Since February Eric Charles, Carlos Herrero, Jeremy Tuloup, and I have been working on designing and integrating this collaborative model into JupyterLab. Others can use the @jupyterlab/shared-models package from the npm registry to build their own interfaces for Jupyter Notebooks using the same shared editing technology. Our changes have finally been merged into JupyterLab and are already available in the alpha releases of JupyterLab v3.1.0. Simply start JupyterLab with the --collaborative flag to enable collaborative editing.

Making the separation between model and shared data structure has been quite a revelation for me. Yjs’ shared types are very powerful and allow you to make any kind of application collaborative. But shared models that define an application-specific API make it easier for developers to manipulate the data without understanding how the data is represented in the CRDT. This is particularly relevant because CRDT implementations are almost always schemaless (Cambria being the exception). A well-maintained model could ensure that the model is compatible with previous versions. In the future, I want to define more shared models for things that are not trivial to represent in Yjs like calendars, contacts, drawings, and graphs.

Next steps

I’m currently working with Bartosz Sypytkowski on a Rust implementation of Yjs. The Rust implementation will be the baseline for all other ports of the Yjs CRDT to other languages. Thanks to Pierre-Olivier Simonard and PyO3 we already have the template to create language bindings from the Yrs CRDT to a Python package “y-py”. In the coming months, we will implement a Python CRDT that is fully compatible with the web-based CRDT that is used in JupyterLab. This will allow for backends and frontends to efficiently exchange data that can be manipulated simultaneously.

yjs/y-crdt

Yjs ports to other programming languages (WIP). Yrs "wires" is a Rust port of the Yjs framework. The Ywasm project…

github.com

Currently, we still send HTTP PUT requests to save a document to the file system via the Jupyter Server. Once we have the Yjs CRDT working in Python, we will create a Python implementation of the shared notebook model which will allow the Jupyter Server to directly access the collaborative state and synchronize that with the file system. Moreover, this will finally resolve a long-awaited issue that allows the kernel to write the output directly to the notebook without first connecting to a client. Why is that important? This will enable you to run a notebook and then close the browser to run your computations overnight.
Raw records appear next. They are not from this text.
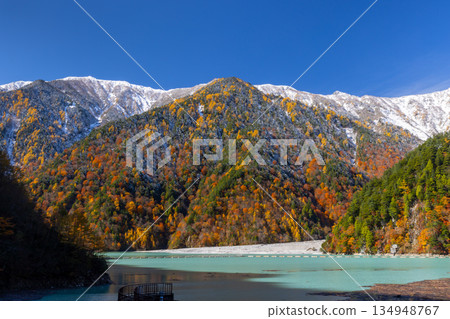 長野縣大町市平良-高瀨水壩調節湖的秋葉呈現出鮮豔的乳藍色,遠處是白雪皚皚的山峰,映襯著蔚藍的天空。 長野縣大町市平良-高瀨水壩調節湖的秋葉呈現出鮮豔的乳藍色,遠處是白雪皚皚的山峰,映襯著蔚藍的天空。 134948767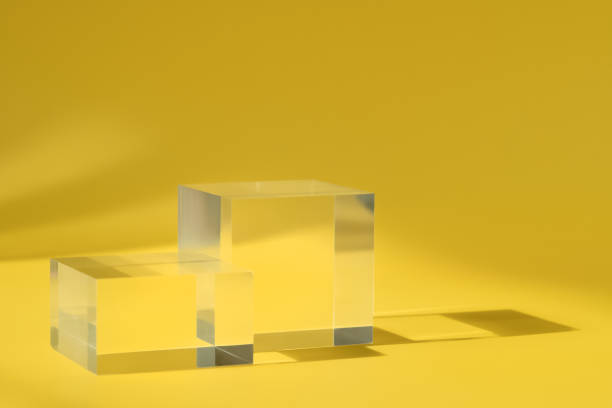 istock Pedestal display glass cube, block platform, transparent geometric stand for cosmetics 1390529994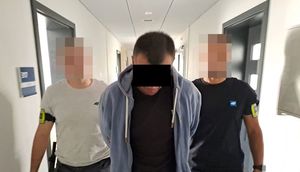 policjanci prowadzą zatrzymanego oszusta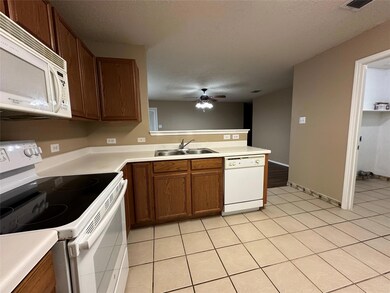 Kitchen with white appliances, a peninsula, ceiling fan, a sink, and a textured ceiling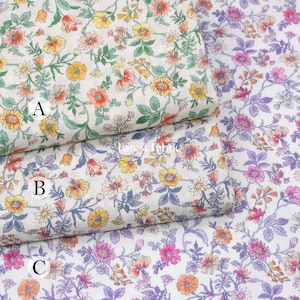 May include: Three fabric swatches with floral patterns. Swatch A features yellow, orange, and pink flowers with green leaves on a white background. Swatch B has similar colors with blue accents. Swatch C has pink and purple flowers.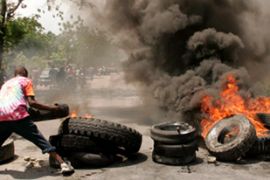haiti port au prince protests rice food price rises tyres
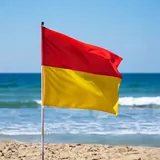 Safety and rescue flag on a surf beach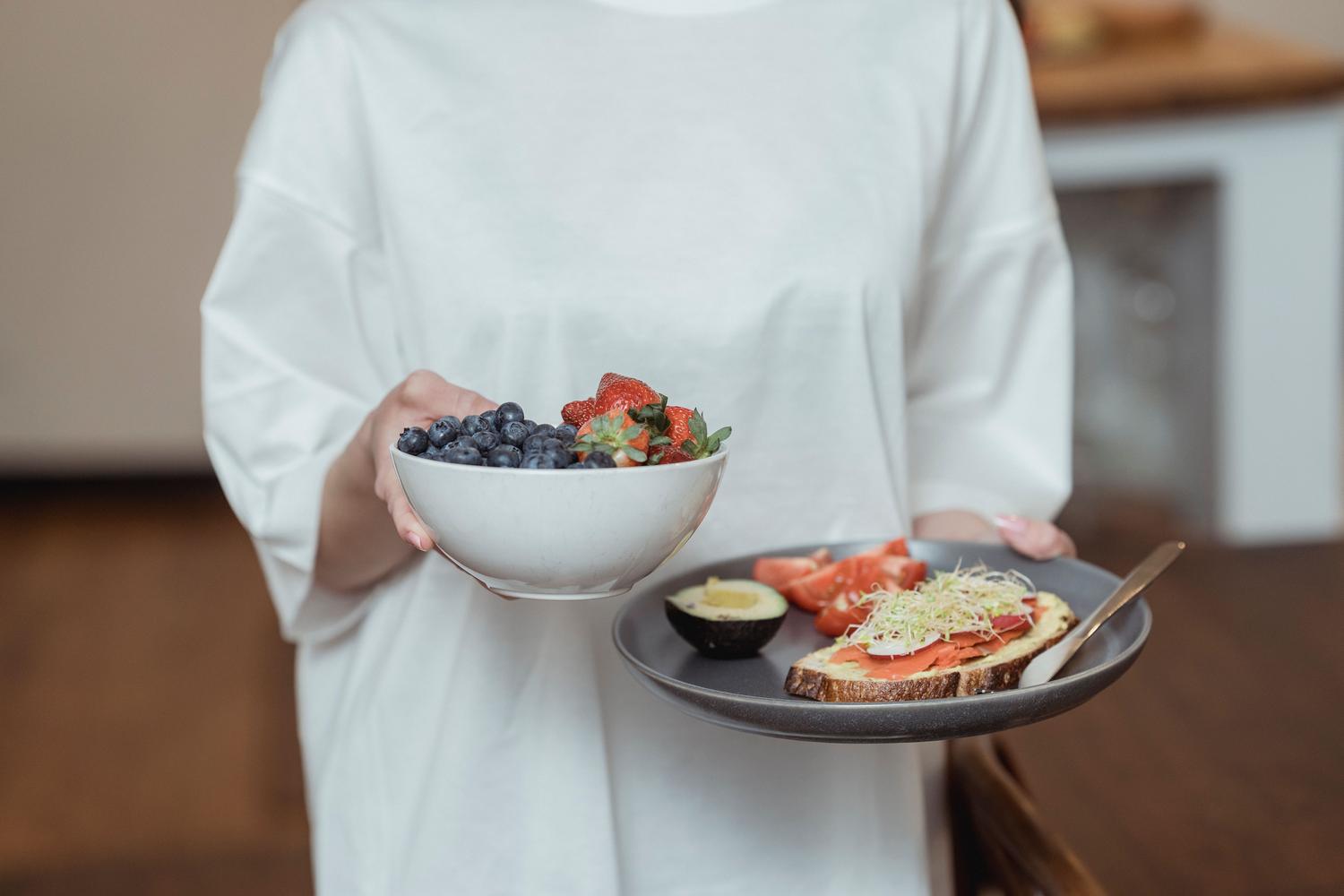 Desayuno antioxidante compuesto por un bol de bayas frescas y tostadas de aguacate.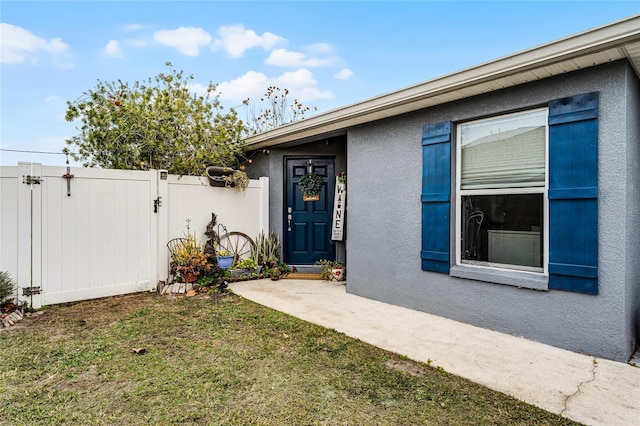 entrance to property featuring a yard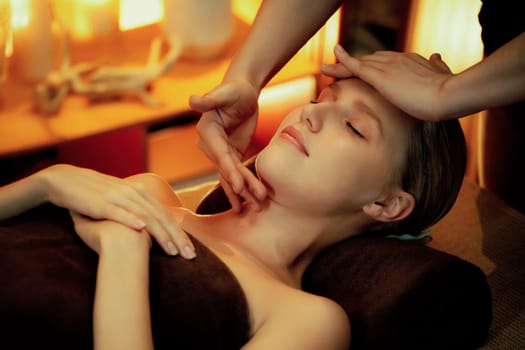 Caucasian woman enjoying relaxing anti-stress head massage and pampering facial beauty skin recreation leisure in warm candle lighting ambient salon spa in luxury resort or hotel. Quiescent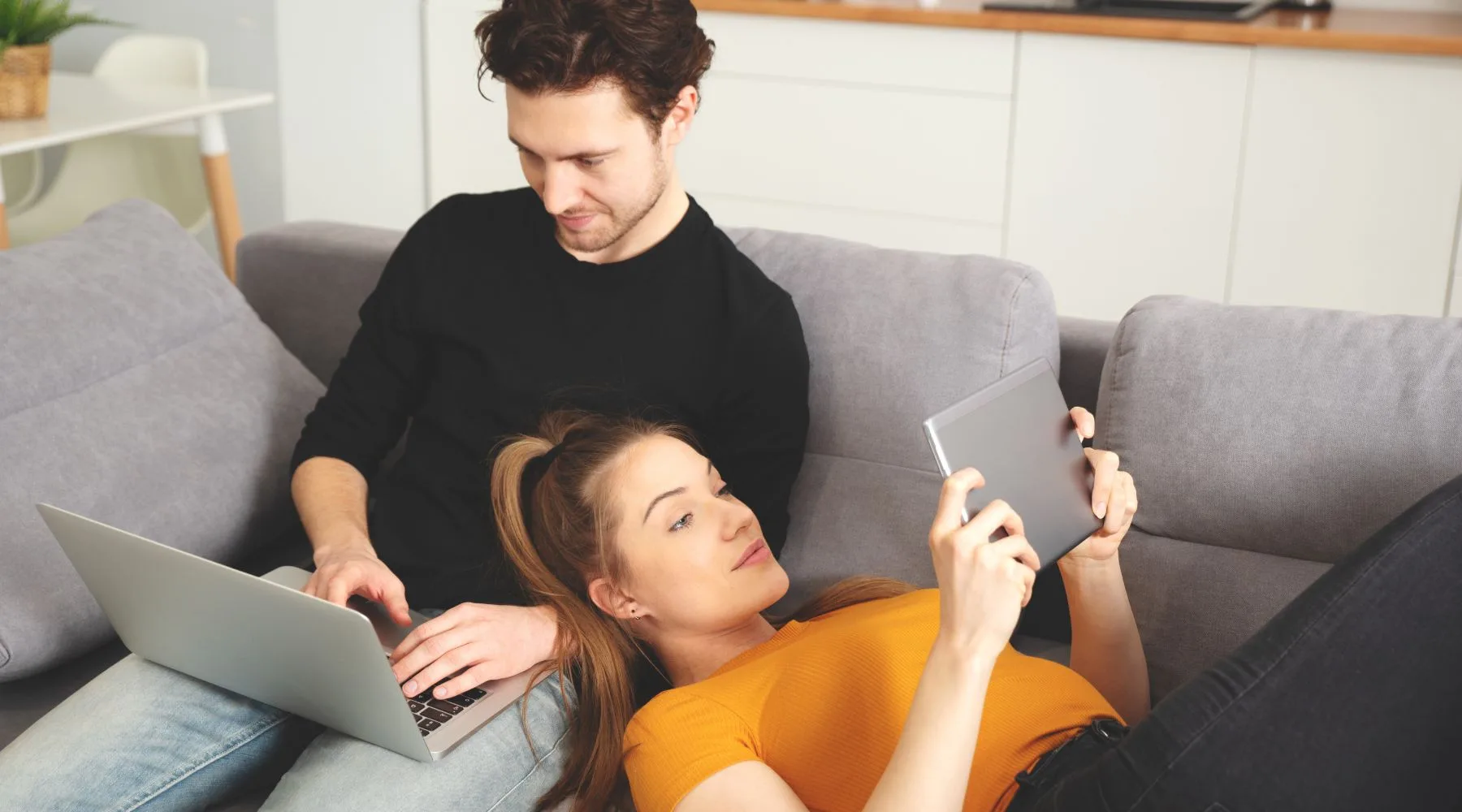 Couple_On_Devices_Checking_Finances_1800x1000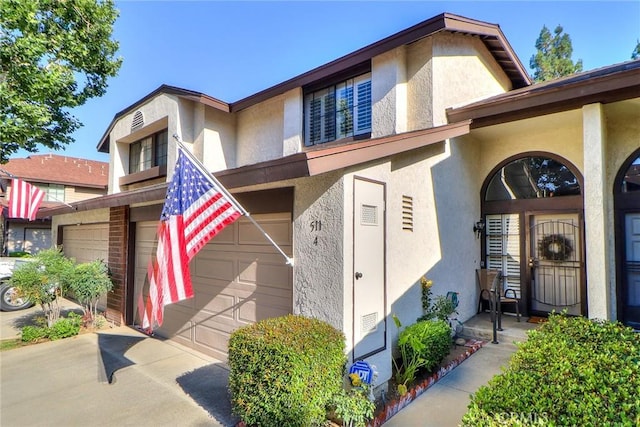 511 W Puente St Unit 4, Covina, CA 91722 - view of front facade with stucco siding, concrete driveway, and an attached garage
The kernel will compute the output in the background, and write it to the shared model which is then saved to the filesystem by Jupyter Server.

We want to provide more than a collaborative text editing experience. Yjs provides the data structures to make any kind of application collaborative. Users of Yjs use it to build collaborative drawing-, and diagraming- solutions. Relm.us, for example, uses the collaborative data structures that Yjs provides for modeling a 3D world that thousands of users can visit to work together. We are exploring heavily how we can make Jupyter widgets collaborative using the same technology.

Carlos Herrero is working on a drawio widget for JupyterLab that automatically synchronizes using a custom shared model that he developed. We want to produce documentation on how you can create custom collaborative widgets for JupyterLab. Jupyter widgets will be able to leverage the rich ecosystem of the Yjs CRDT to create widgets. You want, for example, to add a WYSIWYG rich-text editor widget? Sure, just add the awesome TipTap editor to your widget, as it already uses Yjs as the default shared editing technology.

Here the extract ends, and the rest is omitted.